Abstract
Anatomical features of the aortic arch such as its steepness, the take-off angles and the distances between its supra-aortic branches can influence the feasibility and difficulty of interventional and/or surgical maneuvers. These anatomical characteristics were assessed by means of 3D multiplanar reconstruction of thoracic angio-computed tomography scans of 92 living patients (79 males, 13 females, mean age 69.4 ± 9.9 years) carried out for various indications (gross pathology of the thoracic aorta excluded). There was a significant variation of all measured parameters between the subjects – a standard aortic arch (i.e. with all measured parameters within 2 SD) does not seem to exist. There were no significant differences between genders but some of the parameters correlated significantly to age.
Keywords: anatomy, aortic arch, computed tomography scan, human, morphometry, supra-aortic arteries
Introduction
The aortic arch and supra-aortic branches are important anatomical structures for both surgeons and interventionalists. Aneurysms or dissections of the aortic arch need to be treated with complex surgical procedures such as deep hypothermic circulatory arrest and selective antegrade cerebral perfusion. These procedures evolved to enable replacement of the aortic arch and reconstruction of its continuity to the aorta and supra-aortic arteries with less risk of ischemic and/or embolic cerebral damage. General and neurological morbidity, however, are still significant especially in elderly patients and/or in patients already burdened with significant co-morbidities. This is the motivation to find less invasive treatment options such as aneurysm exclusion with endovascular stent grafts.
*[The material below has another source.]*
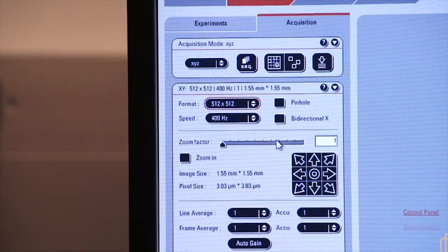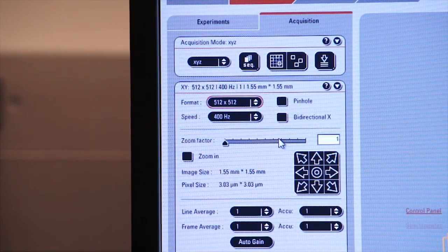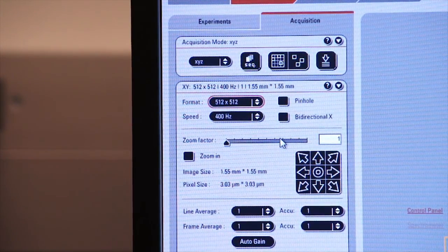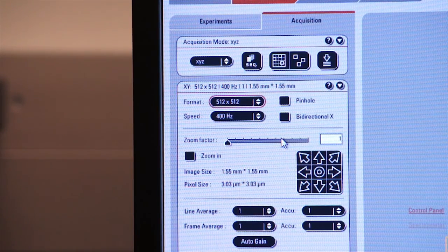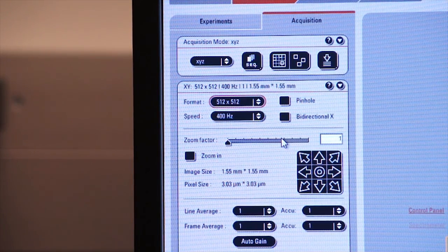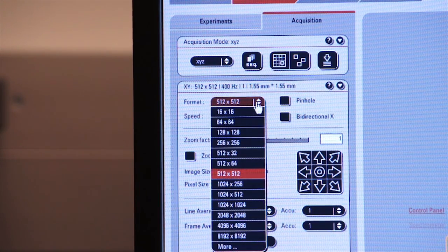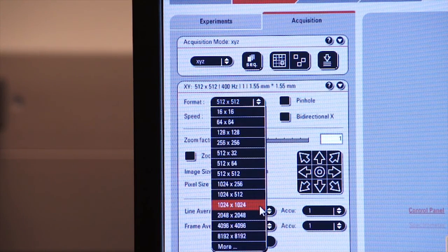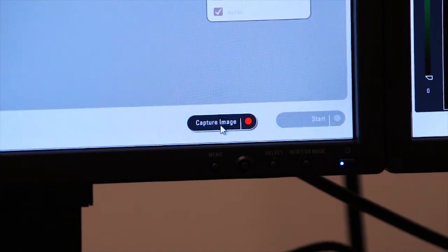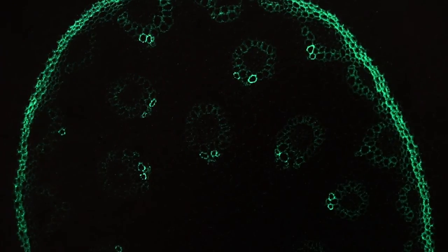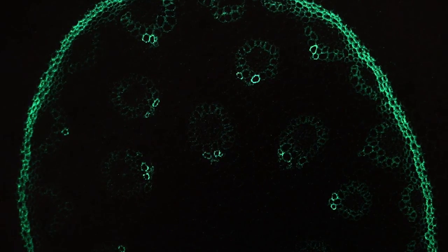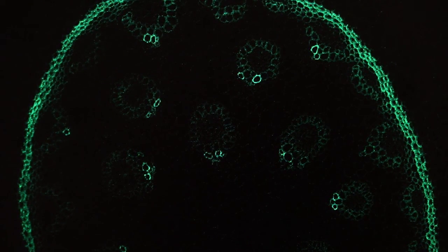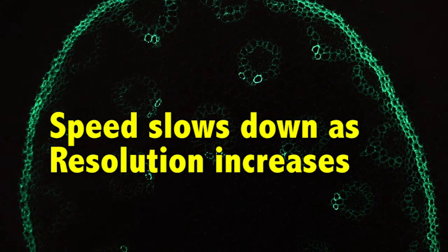Up till now, we've been capturing images at a digitizer resolution of 512 pixels across by 512 pixels down. Let's increase our resolution and give us a better image. So we'll select from the pull down menu a resolution of 1024 by 1024. If I click on capture image, you'll see my image collected on the right screen, a little bit higher resolution than before. And bear in mind that the speed slows down as my resolution increases.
Interventionalists have to cross the aortic arch to access the supra-aortic arteries with catheters. Intravascular procedures, such as percutaneous angioplasty and stenting of the internal carotid arteries or other supra-aortic arteries and occlusion of intracerebral aneurysms with coils, are well-accepted treatment options and have good acute and long-term results.
Knowledge of morphometric data of the aortic arch can be of help for conceiving, designing and optimizing all types of diagnostic and/or therapeutic interventions involving the aortic arch. In any individual case, physicians have the opportunity to assess individual anatomy and plan the procedure accordingly. However, for developing new procedures or optimizing existent ones, knowledge of the distribution, regularity or irregularity and typology of several anatomical characteristics is crucial.
Interventional and hybrid approaches for the treatment of aortic arch aneurysms are novel emerging treatment strategies for diseases associated with significant morbidity and mortality. Knowledge of the morphometric anatomical characteristics of the aortic arch and its supra-aortic branches could be helpful for all those involved in this young but rapidly developing and complex field.
Materials and methods
Anonymized thoracic computed tomography (CT) angiography scans from patients undergoing diagnostic evaluation for various indications served as a basis for this work. Patients with thoracic aortic pathology (e.g. aneurysms) were excluded. The CT scans were performed using either a 16-slice Sensation (Siemens Medical Solutions, Forchheim, Germany) or a 64-slice LightSpeed VCT (GE Healthcare, Waukesha, WI, USA) multidetector scanner. The technical characteristics of the scanning procedure were as follows (for the 16-slice and 64-slice scanners, respectively): collimation 0.75/0.63 mm, pitch 0.25/0.24 mm, reconstruction slice thickness 1.0/0.63 mm, increment 1.0/0.63 mm. In each case, scanning was carried out using 120 mL of contrast medium with an iodine content of > 300 mg mL−1 at a flow rate of 4 mL s−1. Further processing was performed with the DICOM imaging software OsiriX (version 3.6.1; http://www.osirix-viewer.com/) on computers running Mac OS 10.6.3.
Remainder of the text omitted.